According to the report, Ashkenazi's senior aide, Col. Erez Weiner, and former military intelligence officer Boaz Harpaz led the defense forces' chief to think that Barak's bureau had drawn up a plan to politically discredit him.
Ashkenazi, the report said, behaved in a "manner unbecoming an officer," in turning a blind eye to Weiner and Harpaz' attempts to surreptitiously collect information that could potentially embarrass Barak.
As well, the two collected damning details on the sexual dalliances of a particular army general, as part of the behind-the- scene scheming, Channel Two television reported Sunday night, based on police transcripts of tapped telephone conversations between Weiner and Harpaz.
Barak said that Weiner, Harpaz and others were, "according to their testimonies, the 'soldiers' of former army chief Gabi Ashkenazi throughout the affair, and he's the one who stood at the top of the pyramid. The report's findings concerning the defense minister [in comparison], can be deemed as etiquette."
Ashkenazi, in a parallel statement, said he welcomed the fact that the state comptroller rejected Barak's accusations, which including assertions that the former attempted a "putsch" against the political echelon.
As well, Ashkenazi said he regretted the criticism against his former top aide, whom he contended greatly contributed to state security, despite being forced to deal with "the harsh reality" of rocky relations with Barak's office.

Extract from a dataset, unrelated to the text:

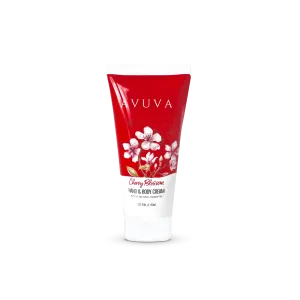 Cherry Blossom Hand & Body Cream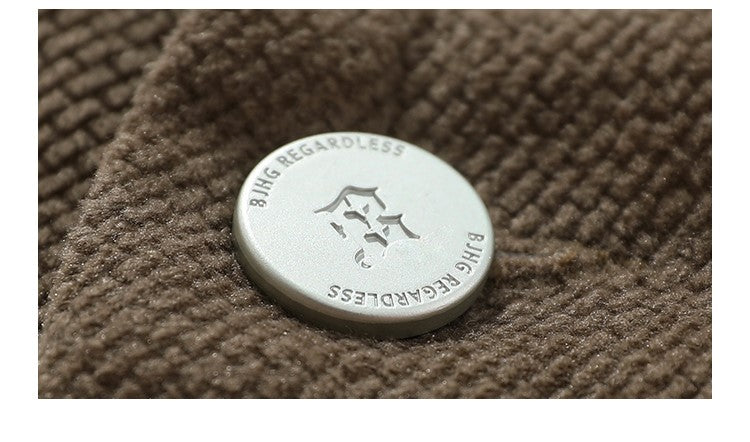 BJHG Relaxed Fit Trousers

The report's main criticism of Barak said he overly leveraged his authority over Ashkenazi by imposing an eight-month delay in the appointments of 170 colonels and brigadier-generals who were due for promotion, and approval of certain general staff orders.
The comptroller's report said that in so doing, Barak had " unnecessarily and significantly damaged" the army's "sound" work procedures operations and those officers slated for appointments at the time.
The deferrals continued until Ashkenazi stepped down in February 2011.
Current defense forces Chief of Staff, Lt.-Gen. Benny Gantz discussed the matter with senior officers in a regularly scheduled meeting of the army's high command on Monday, according to Army radio.